Berlin – Frauengesundheit sollte in allen Bereichen der Medizin eine Rolle spielen und auf eine breitere gesellschaftliche Aufmerksamkeit treffen. Dies wurde bei mehreren Veranstaltungen zur Frauengesundheit, die in der vergangenen Woche in Berlin stattfanden, deutlich.
Dass auch den Allgemeinmedizinern bei dem Thema eine wichtige Rolle zukommt, machte etwa Nicola Buhlinger-Göpfarth, Co-Vorsitzende des Hausärztinnen- und Hausärzteverbands (HÄV), beim Bundeskongress Gender Gesundheit deutlich.
Die Frauengesundheit sei nicht nur im gynäkologischen Bereich verortet, auch wenn Gynäkologinnen und Gynäkologen auf geschlechtersensible Themen und frauenspezifische Erkrankungen sehr wichtig seien, so Buhlinger-Göpfarth. Vielmehr müsse das Thema vorrangig in der Allgemeinmedizin angesiedelt sein.

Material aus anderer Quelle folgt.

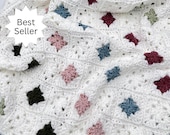 Beginner Granny Square Blanket Crochet Blanket - Easy Baby Blanket Pattern - Jewelbox Mini Granny Throw - 3 sizes included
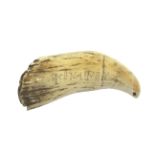 SCRIMSHAW SPERM WHALE TOOTH - SOUTH SEA ISLANDS probably Fijian or Samoan, carved with the word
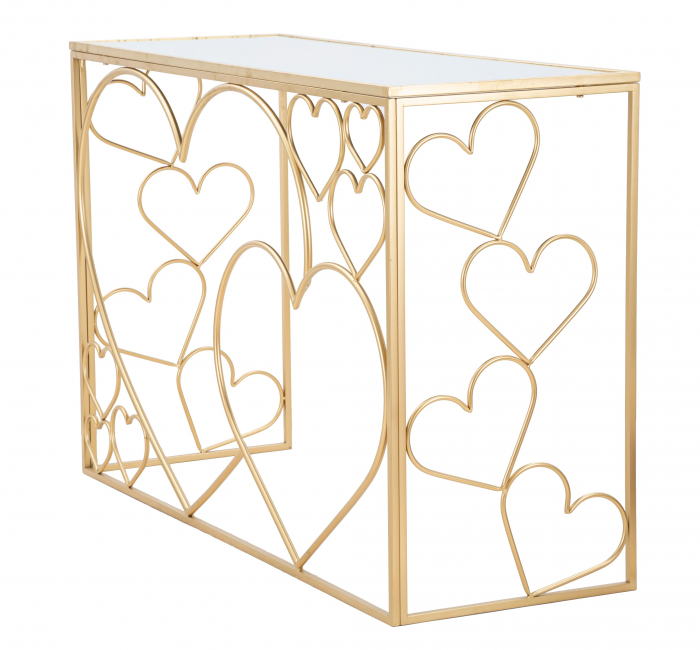 Consola Heart, Fier/MDF/Oglinda, Auriu, 80x120x43 cm [6]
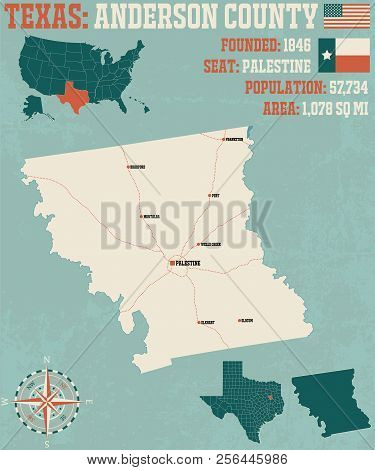 Detailed Map Of Anderson County In Texas, Usa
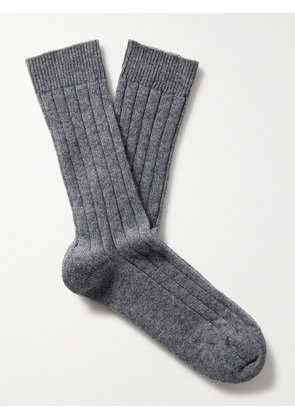 William Lockie - Ribbed Cashmere-Blend Socks - Men - Gray - S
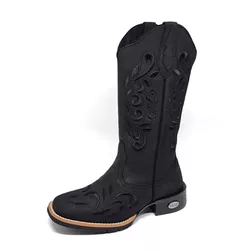Bota Texana Country Feminina Couro Cano Alto Borda... - GH CALÇADOS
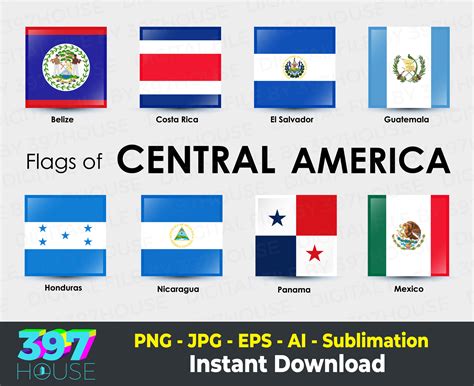 Flags Of Central American Countries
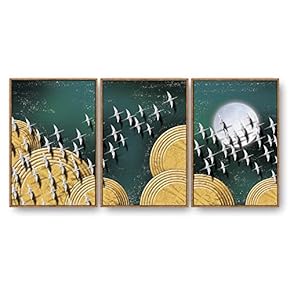 3 Piece Framed Canvas Home Artwork Decoration Abstract Nature Landscape Canvas Wall Art for Living Room, Bedroom - 16"x24"x3 Panels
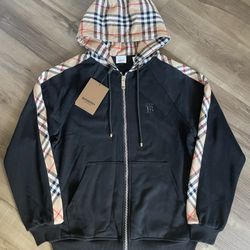 Burberry Check Hoodie Zip Up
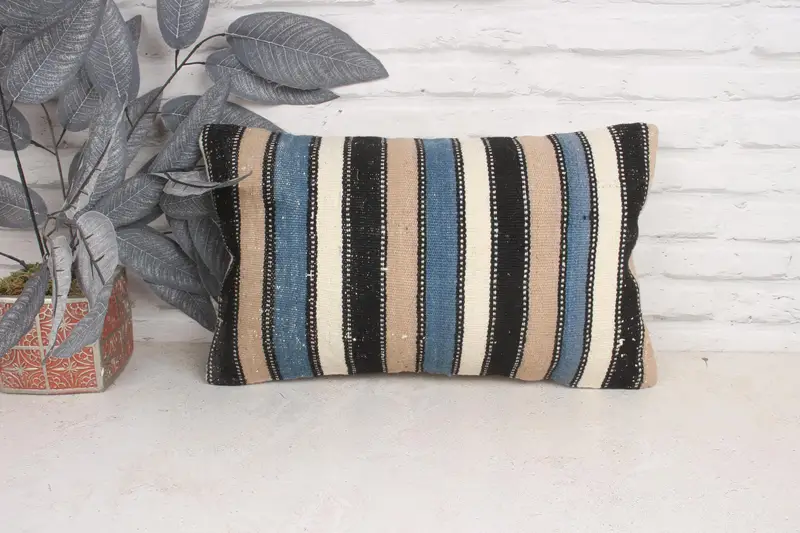 Kilim Cushion Sham, Cushion, Kilim Pillow, 12x20 Blue Pillow Cover, Vintage Throw Cushion, Decorative Pillow Case, Boho Pillow Sham Cover - 1
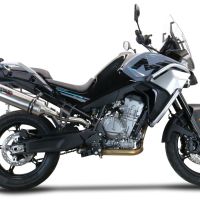 Pot echappement compatible avec Cf Moto 800 Mt Sport 2022-2024, Satinox , Échappement légal, homologué,silencieux avec db killer amovible et tuyau de liaison spécifique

Hausarztpraxen seien wichtige erste Anlaufstellen für Prävention und Beratungsangebote. Hierbei genderspezifische Kontexte zu betrachten und Patientinnen und Patienten zur unterschiedlichen Wirkung von Medikamenten und Ausprägungen von Erkrankungen beraten zu können, sei eine wesentliche Voraussetzung.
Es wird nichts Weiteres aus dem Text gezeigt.